Menurut Widi, penyebab utama bencana yang melanda Pemalang, Tegal, Banyumas, dan Purbalingga disebabkan oleh kombinasi curah hujan ekstrem dan topografi lereng yang terjal, meskipun alih fungsi lahan turut berperan.
“Kalau kita cermati, yang sangat mempengaruhi adalah curah hujan sangat tinggi dan kelerengan yang tajam. Ada tutupan lahan yang kurang dan alih fungsi, tapi pemicu utamanya adalah hujan ekstrem di puncak,” ujarnya.
Sebagai langkah pencegahan jangka panjang, DLHK Jateng telah mengusulkan agar kawasan Gunung Slamet ditetapkan sebagai Taman Nasional.

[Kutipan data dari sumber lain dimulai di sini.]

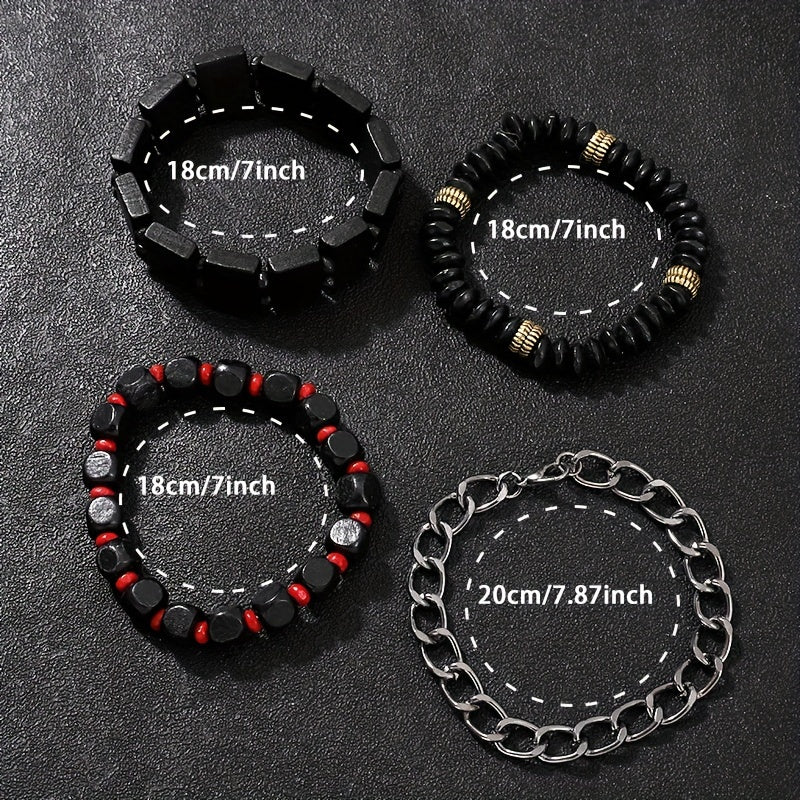 Set of 5, Men's Red Black Fashion Quartz PU Leather Watch and Bead Bracelet Set, Perfect Gift for Him.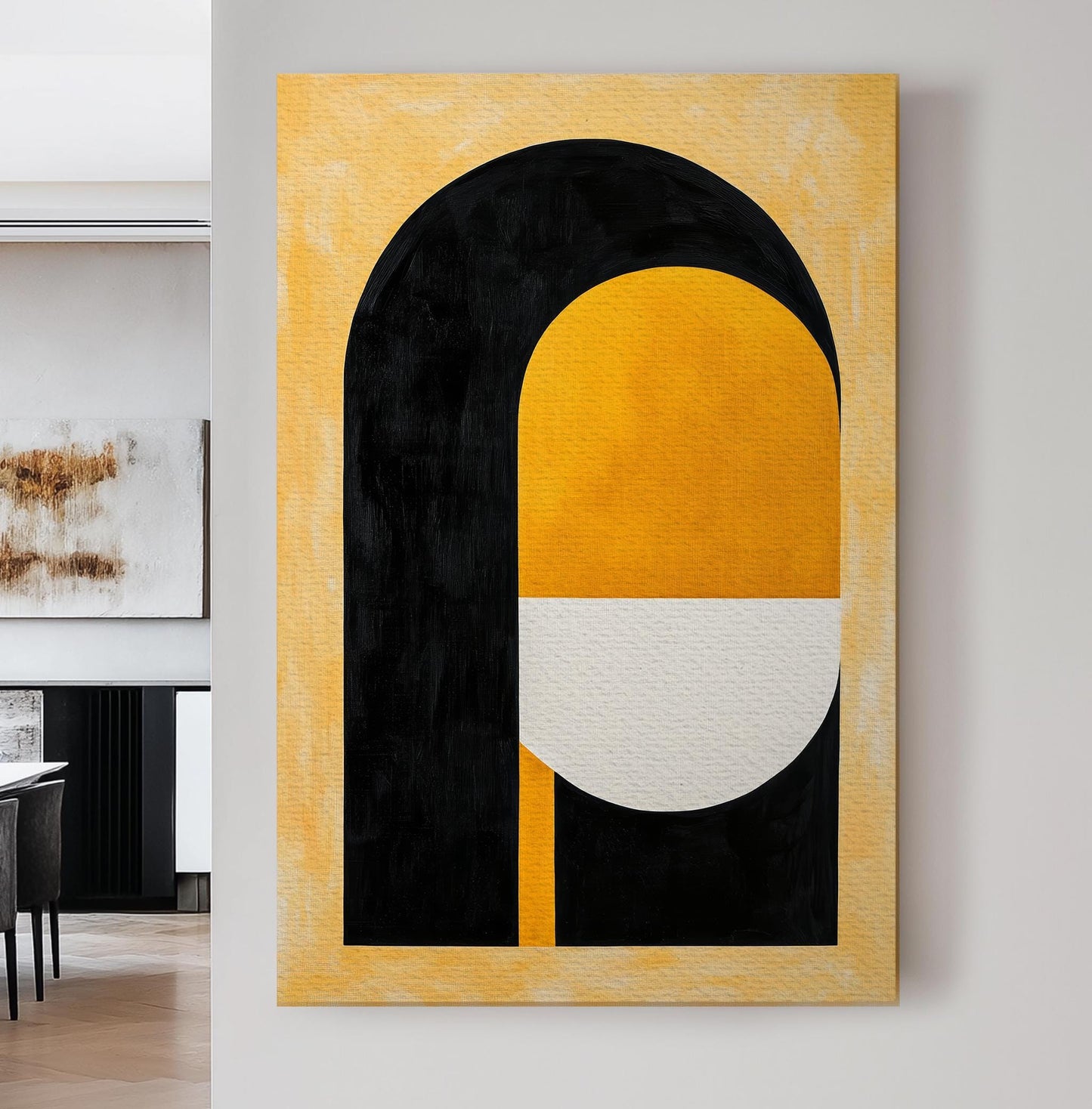 Abstract Archway Canvas Art | Geometric Minimalist Print | Mid Century Modern Wall Art For Living Room Vertical Canvas
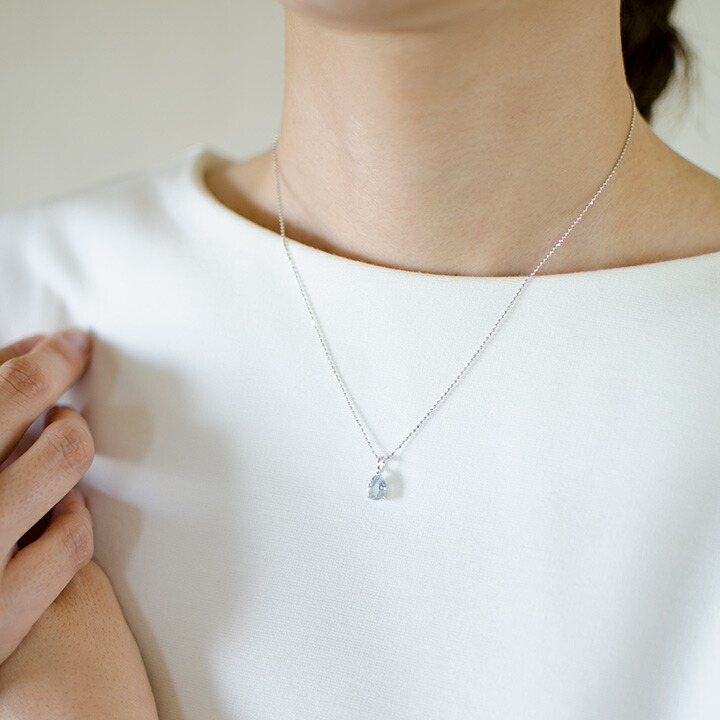 ペンダントトップ ブルートパーズ ネックレス PT900・K18・K10選択可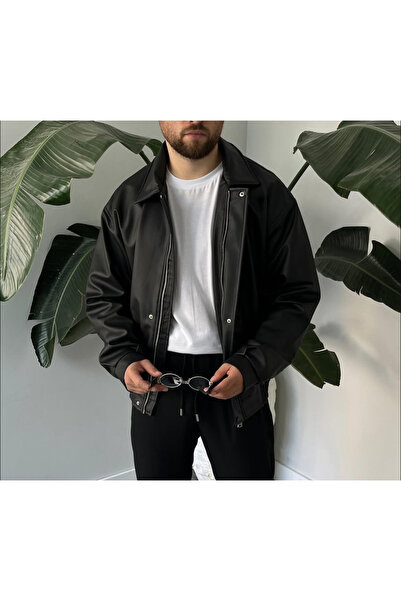 ATKGİYİM Mont 🧥 Deri Salaş Oversize Ceket – Altı Lastikli Trend Model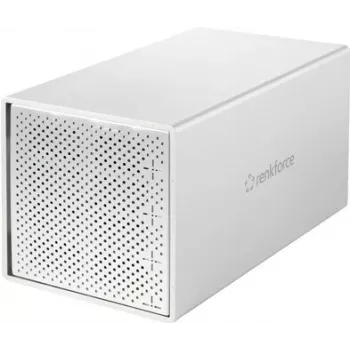 Renkforce RF-5587610 4 ligzdu SATA cieto disku korpuss, 2,5/3,5 collas, USB 3.2 Gen 1, alumīnijs, 80 mm ventilators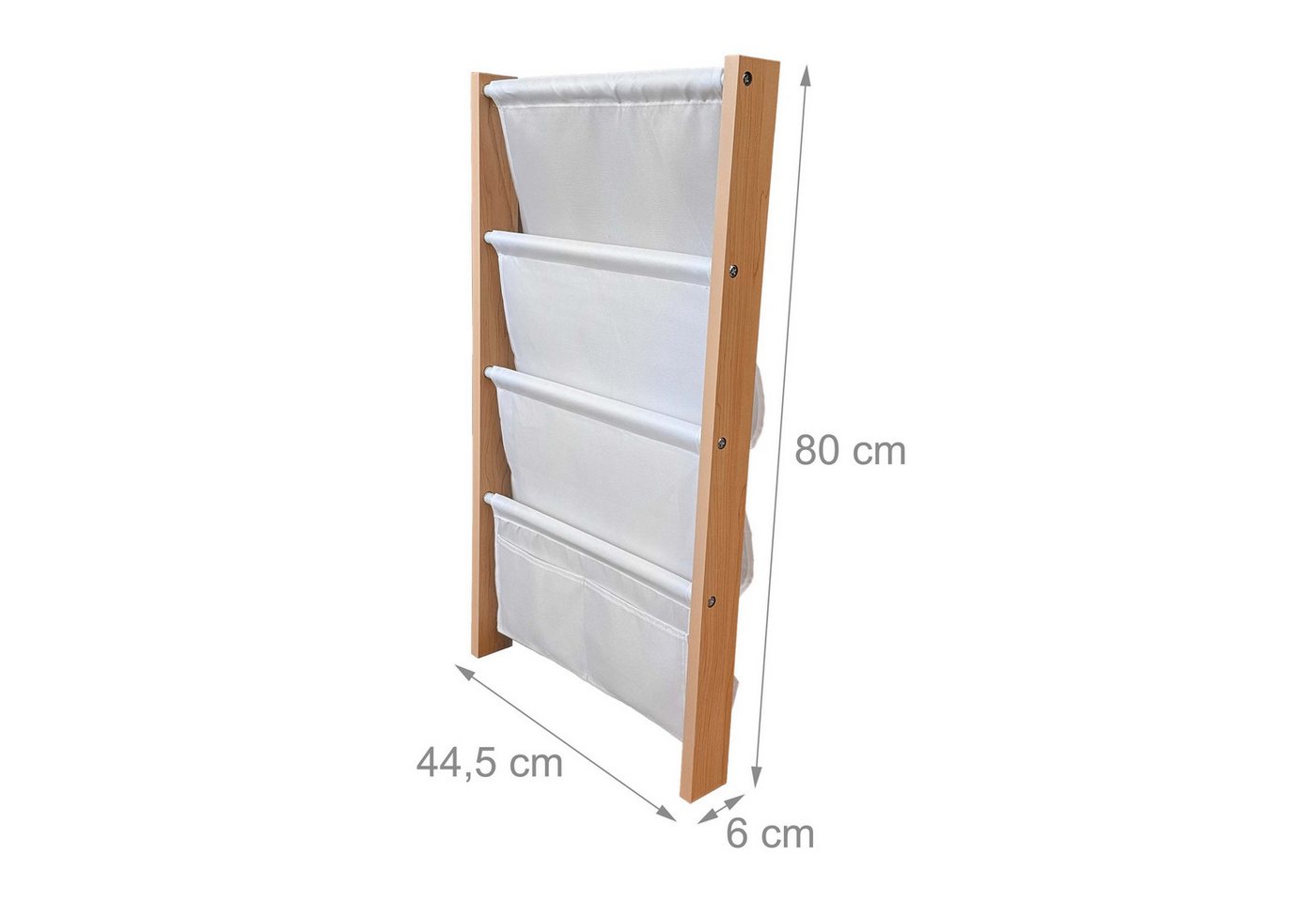 Relaxdays Bücherregal Mit 5 Stofftaschen, Wandmontage, Wandregal Für Kinder, Buchregal, Hbt: 80x44,5x6 Cm, Mdf, Weiß Bild 5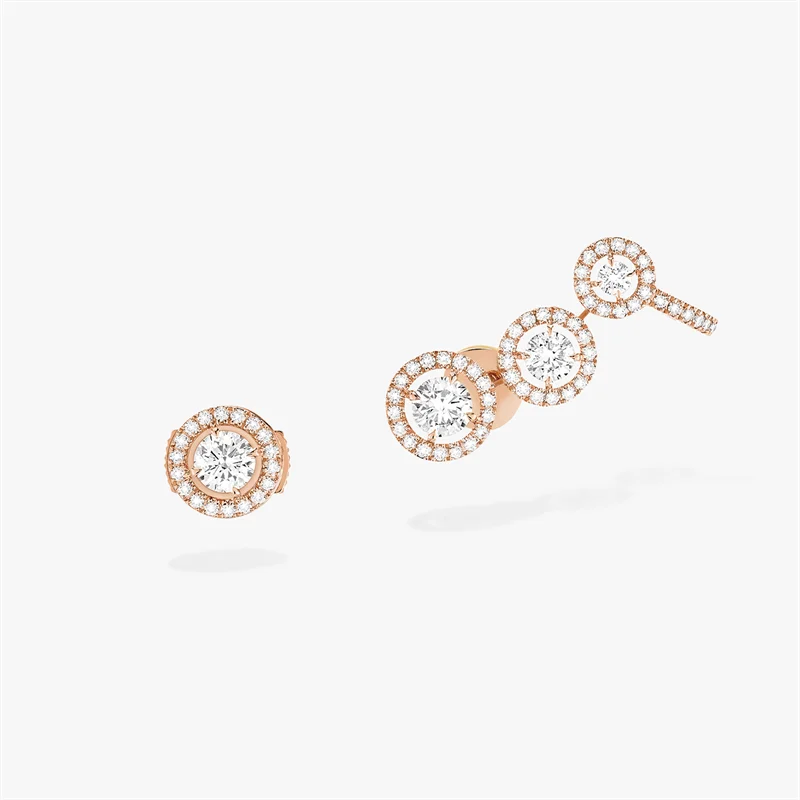 S925 Sterling Silver Round Earrings Asymmetrical Earrings Elegant Romantic Luxury Jewelry Wedding Gift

Usulan yang disampaikan ke KLHK sejak 2025 ini diharapkan dapat mempercepat rehabilitasi dan memberikan perlindungan hukum yang lebih kuat bagi kawasan strategis tersebut.
“Kami mendorong agar Gunung Slamet jadi Taman Nasional. Tahun ini akan ada tim terpadu turun untuk kajian dan pemetaan. Harapannya, status ini bisa mengoptimalkan upaya perbaikan hutan,” pungkas Widi.